In terms of French theatre, you can just about get away with Moliere, but Racine or Corneille do not exactly guarantee bums on seats. For British audiences, with the exception of Neil Bartlett and Mike Alfreds's hilarious production of The Game of Love and Chance a few years ago, the 18th century playwright Marivaux is also a virtually unknown quantity. But now, like buses, two of his plays have come along at once. The ambitious French Theatre season, the largest ever French cultural event in this country, opened with due fanfare (the national anthem and `La Marseillaise', since you ask) at the National Theatre with Les Fausses Confidences by the Comedie-Francaise. Four weeks later it was La Dispute.
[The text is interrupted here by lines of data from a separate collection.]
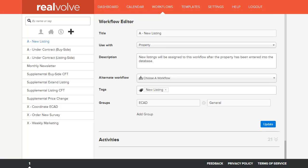Welcome to another Realvolve training video. In this segment we will cover the activities section of the workflow editor.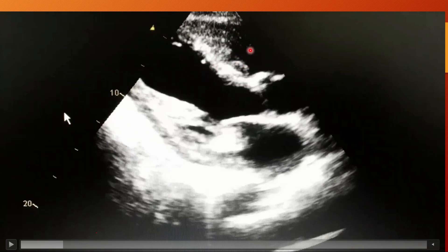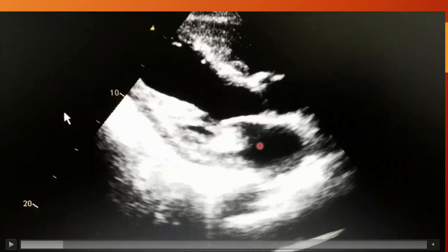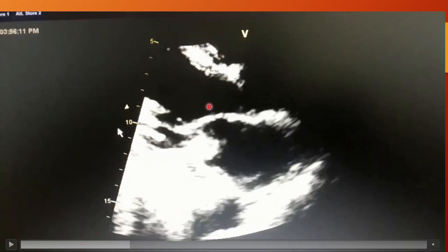In the parasternal long axis view you can see the right ventricular outflow tract, then there is the left ventricle. Between these two there is the interventricular septum — that is the anterior part of the interventricular septum — and there is the inferior wall of the LV. This is the left atrium, and this is the root of the aorta with the aortic valve between the LV and aorta.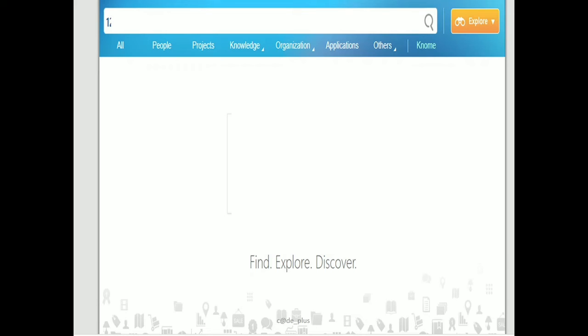You have complete details in the Enterprise Search, so you can search for the email address. The email address is your TCS email address. You can contact your HR supervisor through the email address.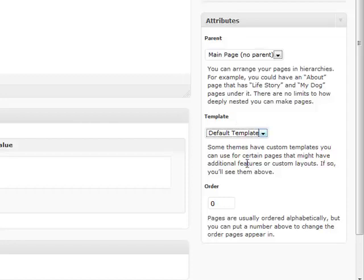And the last thing that you have the ability to do is your order. By default, they're usually ordered alphabetically, but if you want to you can change the order. So let's say if you want to have something be more prominent or one of the earlier links, or maybe if you want it at the end, you can change the order of all your pages and you can do that right there.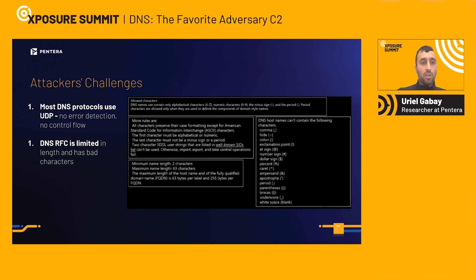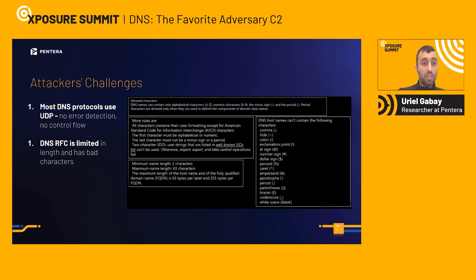Now let's talk about the attacker's challenges. DNS is in most cases based on UDP, which means we have no error detection and no control flow as we have built into TCP. Additional challenges come from the DNS RFC: we have a limited length and there are bad characters that we cannot send using DNS.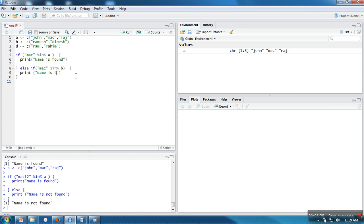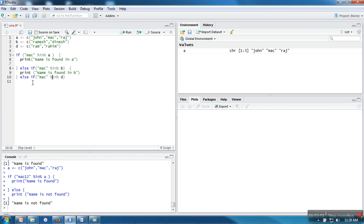If 'mac in B' is the case, we will print 'name found in B', and in the first case we will print 'name is found in A'. If that is also not the case, then we go for else-if 'mac in D', and if this is true then we will write 'name is found in D'. And at last, in the else block, we simply print 'name is not found'.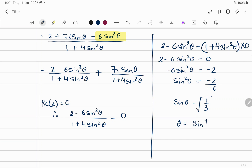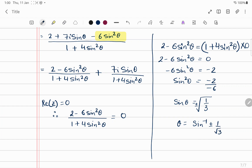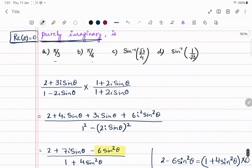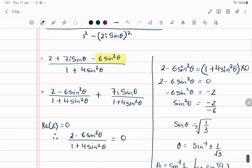So θ = sin⁻¹(1/√3) or θ = sin⁻¹(-1/√3). We include both plus and minus since we took a square root. Checking against the answer options, this corresponds to option D, so the answer is D.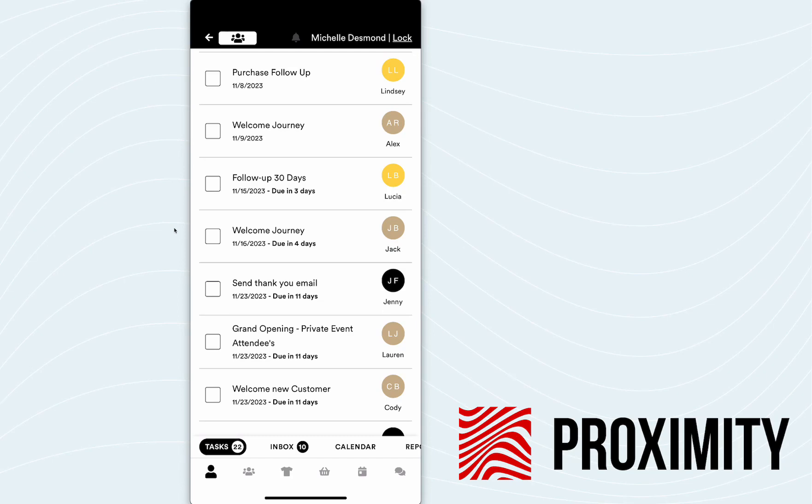The other side of this coin is that we can automate this whole entire experience if we wanted to, and some brands do choose to do that. Meaning when Jack comes and signs up, we automatically note that Jack is a new customer. We create the welcome flow and we can have it fire off the next day. So Michelle never even has to engage for this specific scenario.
Advance word had it that Stanislas Nordey was France's answer to Stephen Daldry, to which one can only respond, "What was the question?" Daldry is noted for the boldness of his conceptions and his dramatic design sense. On the evidence of this production, Nordey shares his control of space, but in most other respects, I'm not sure that either of them would welcome the comparison.

At the heart of the evening, Nordey directed and appeared in Marivaux's striking comedy about a prince and his lover, Hermiane, witnessing a dramatic experiment in which two men and two women, raised in ignorance of the opposite sex (or indeed, of anyone else at all), are brought together to discover which sex is more faithful by nature.

Dressed only in old shabby raincoats on an empty stage surrounded by black drapes, the actors had a dance-like physicality almost entirely absent from classic theatre in this country, which was not only apt for the extremes of emotions, but invigorating to watch.

The downside was that it was bookended by a spot of metaphysics. Let me rephrase that: by two hours of metaphysics. Nordey began and ended with tracts contextualising fidelity in the age of Aids. The self-consciously repetitive, baldly staged opening speech on the nature of dying trembled on the border between monologue and monotony. The tortuous 40-minute closing section on love, pain and the whole damn thing toppled over entirely.

Intellectually, there was a case to be made, but theatrically? Stark address from a stage stripped to the back wall is hardly eye-opening (an urgently needed activity when many around me were nearer to eye-closing). Any dramatic impact the piece had made disappeared under the law of diminishing returns. Even for French speakers, there was more activity on the surtitle screen than on stage.